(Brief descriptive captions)
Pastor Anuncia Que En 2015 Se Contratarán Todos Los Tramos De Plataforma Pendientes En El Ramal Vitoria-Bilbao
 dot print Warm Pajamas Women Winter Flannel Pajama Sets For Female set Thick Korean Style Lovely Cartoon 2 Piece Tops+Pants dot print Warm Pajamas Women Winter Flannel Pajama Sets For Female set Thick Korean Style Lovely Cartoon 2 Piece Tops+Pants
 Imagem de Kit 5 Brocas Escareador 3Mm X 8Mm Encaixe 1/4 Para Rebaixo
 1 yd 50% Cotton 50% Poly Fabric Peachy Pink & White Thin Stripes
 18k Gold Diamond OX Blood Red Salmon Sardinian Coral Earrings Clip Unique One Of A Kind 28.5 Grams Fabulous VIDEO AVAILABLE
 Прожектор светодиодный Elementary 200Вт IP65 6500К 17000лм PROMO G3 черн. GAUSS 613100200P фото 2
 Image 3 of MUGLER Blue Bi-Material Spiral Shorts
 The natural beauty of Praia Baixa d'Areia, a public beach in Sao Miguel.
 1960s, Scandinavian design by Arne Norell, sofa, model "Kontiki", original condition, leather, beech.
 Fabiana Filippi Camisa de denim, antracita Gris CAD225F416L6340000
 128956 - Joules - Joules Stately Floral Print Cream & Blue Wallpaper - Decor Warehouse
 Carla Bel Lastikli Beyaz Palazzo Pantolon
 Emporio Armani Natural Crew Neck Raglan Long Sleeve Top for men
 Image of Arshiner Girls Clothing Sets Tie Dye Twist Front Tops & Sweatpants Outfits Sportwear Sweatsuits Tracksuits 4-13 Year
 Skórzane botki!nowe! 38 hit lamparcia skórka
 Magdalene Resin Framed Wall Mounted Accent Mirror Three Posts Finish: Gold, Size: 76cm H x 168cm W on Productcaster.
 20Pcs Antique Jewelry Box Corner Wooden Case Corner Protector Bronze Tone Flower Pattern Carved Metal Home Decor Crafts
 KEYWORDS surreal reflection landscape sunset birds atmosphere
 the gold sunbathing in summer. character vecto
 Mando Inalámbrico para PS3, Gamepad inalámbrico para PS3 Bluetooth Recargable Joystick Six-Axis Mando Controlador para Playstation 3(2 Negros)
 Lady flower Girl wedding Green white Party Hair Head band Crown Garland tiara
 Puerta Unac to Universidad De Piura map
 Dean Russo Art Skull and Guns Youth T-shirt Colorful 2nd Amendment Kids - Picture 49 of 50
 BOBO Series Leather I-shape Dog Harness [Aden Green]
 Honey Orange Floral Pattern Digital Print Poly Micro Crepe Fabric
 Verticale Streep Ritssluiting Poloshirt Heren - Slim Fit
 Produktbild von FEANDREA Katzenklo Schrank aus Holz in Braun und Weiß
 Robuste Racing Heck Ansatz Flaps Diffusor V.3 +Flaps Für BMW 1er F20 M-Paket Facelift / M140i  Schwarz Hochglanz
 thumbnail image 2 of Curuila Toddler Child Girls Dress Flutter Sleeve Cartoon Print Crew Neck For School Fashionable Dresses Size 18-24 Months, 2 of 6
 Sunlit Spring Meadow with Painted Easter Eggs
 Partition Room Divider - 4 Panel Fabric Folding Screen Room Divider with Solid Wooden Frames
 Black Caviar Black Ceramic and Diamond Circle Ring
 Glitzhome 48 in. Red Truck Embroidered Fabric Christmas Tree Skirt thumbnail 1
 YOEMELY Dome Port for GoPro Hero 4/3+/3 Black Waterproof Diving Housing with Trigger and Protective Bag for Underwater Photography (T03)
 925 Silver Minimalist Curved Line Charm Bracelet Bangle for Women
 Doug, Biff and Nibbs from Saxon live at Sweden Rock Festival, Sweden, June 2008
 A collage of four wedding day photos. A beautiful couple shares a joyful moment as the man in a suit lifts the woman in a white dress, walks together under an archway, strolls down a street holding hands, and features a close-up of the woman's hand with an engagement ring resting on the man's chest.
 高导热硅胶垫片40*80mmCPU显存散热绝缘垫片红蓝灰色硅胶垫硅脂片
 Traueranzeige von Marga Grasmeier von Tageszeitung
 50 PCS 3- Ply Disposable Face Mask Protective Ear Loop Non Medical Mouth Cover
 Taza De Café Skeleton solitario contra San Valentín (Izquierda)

→ **Directions**
If a line in the records holds the word "Protective", count it, then give only the total.

→ **Your response**
2